In December 2014, it was announced that CJPX and its Quebec City sister station CJSQ-FM would be sold to Groupe Musique Greg, a company founded by Charles. Charles' offer to buy the two stations came in response to rumours that former owner Jean-Pierre Coallier was looking to retire and sell them.

The station was the only 24-hour source of mostly classical music in Montreal – including some jazz, with the two national CBC FM networks, Ici Musique and CBC Music, switching around 2009 to a mix of classical, jazz, adult alternative and other genres.

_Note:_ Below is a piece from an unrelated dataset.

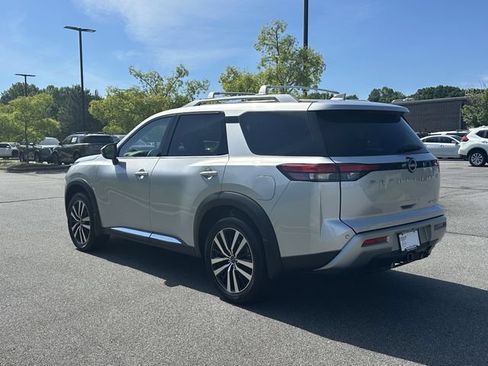 Certified 2025 Nissan Pathfinder Platinum FWD image 7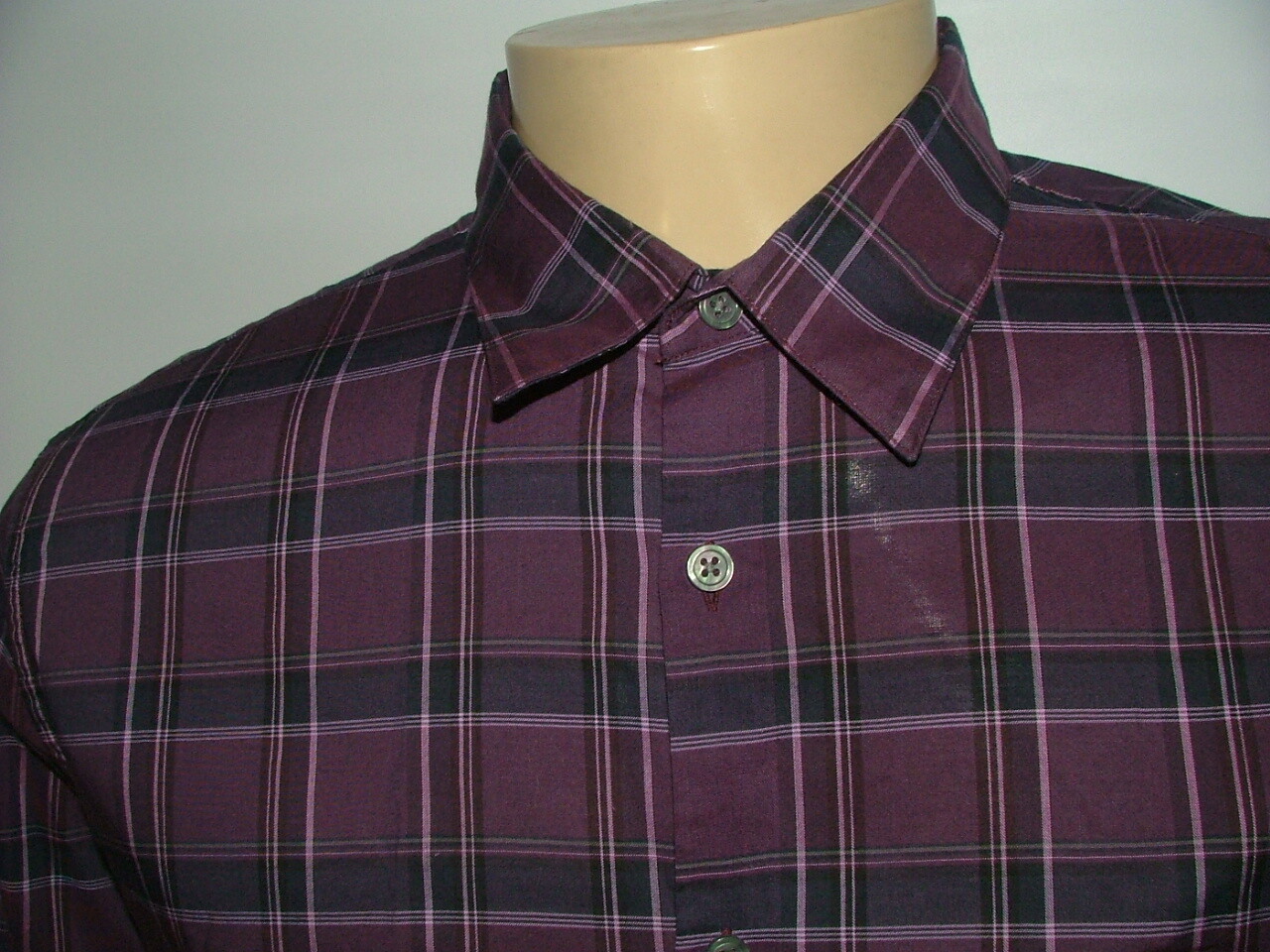 MENS JOHN VARVATOS LUXE CASUAL SHIRT SIZE L 100%COTTON PURPLE BLACK PLAIDS #455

CJPX-FM did mix in some occasional jazz, film music and chansons, in a limited amount.

In 2015, retired former Le Téléjournal news anchor Bernard Derome joined the station as a morning host.  Other personalities include Charles, Marie-Ève Lamonde, François Paré and Marc Hervieux, plus Béatrice Zacharie and Jasmin Hains, both broadcasting from CJSQ-FM in Quebec City.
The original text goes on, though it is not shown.